Par-delà les écrits de Jean-Pierre Epron, l’inspiration est venue des recherches engagées depuis le début du siècle, et notamment celles inaugurées par Guy Tapie quant à l’impact du tournant néo-libéral et numérique sur la profession, relayées par les premières approches de la réforme de 2005 et de l’Habilitation à la maîtrise d’œuvre en son nom propre (HMONP). À la lecture et à l’écoute d’auteurs comme Véronique Biau, Olivier Chadoin, Maxime Decommer ou Élise Macaire, l’appel à contribution s’est orienté vers l’évolution des pratiques et des interactions au sein du champ architectural, tout en ouvrant la porte à l’histoire et aux acteurs. Parmi les thèmes suggérés ou apparus, profession et/ou filière, enseignement et recherche, identité et légitimité, diversité et représentation, plusieurs entrent en résonnance avec ceux abordés par la publication de la Grande Masse un demi-siècle plus tôt, à ceci près qu’il ne s’agit plus ici de porter des espoirs ou des revendications, mais de discuter à l’échelle hexagonale des résultats de recherches en bonne et due forme désormais engagées de longue date dans les écoles et depuis peu dans des agences d’architecture.

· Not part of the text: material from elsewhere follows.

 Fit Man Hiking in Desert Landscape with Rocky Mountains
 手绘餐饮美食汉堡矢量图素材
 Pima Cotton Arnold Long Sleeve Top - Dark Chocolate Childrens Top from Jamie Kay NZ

Si l’initiative conduite par Cécile Fries-Paiola, Mélanie Guenot et Mathilde Thiriet a porté ses fruits dès le temps du colloque en suscitant des contributions et des débats qui attendaient leur heure, son ultime étape lui donne une profondeur nouvelle en jetant les bases d’un état des lieux problématisé associant chercheurs et praticiens à un moment clef pour la profession dans son ensemble. Côté recherche, s’y affirme le dynamisme d’un véritable domaine tant du fait de la diversité des auteurs, entre chercheurs confirmés et relève montante, que de celle des productions entre synthèses et études de cas, essais et retours d’expériences. Côté pratique, s’y reflètent les tensions entre recherche et conception, mais aussi les capacités de résilience d’une profession dont les perpétuels ajustements font plus que jamais vaciller le totem du statut libéral. En ses actes, le colloque « Profession ? Architectes » livre ainsi, à tous les acteurs du champ architectural, et au-delà, un matériau renouvelé et une série de mises en perspective de la complexité que ces mêmes acteurs alimentent plus ou moins consciemment au quotidien… De quoi les inciter à mettre en œuvre une pensée réflexive, seule à même de leur permettre d’affronter les enjeux environnementaux et sociétaux qui nous interpellent tous plus que jamais.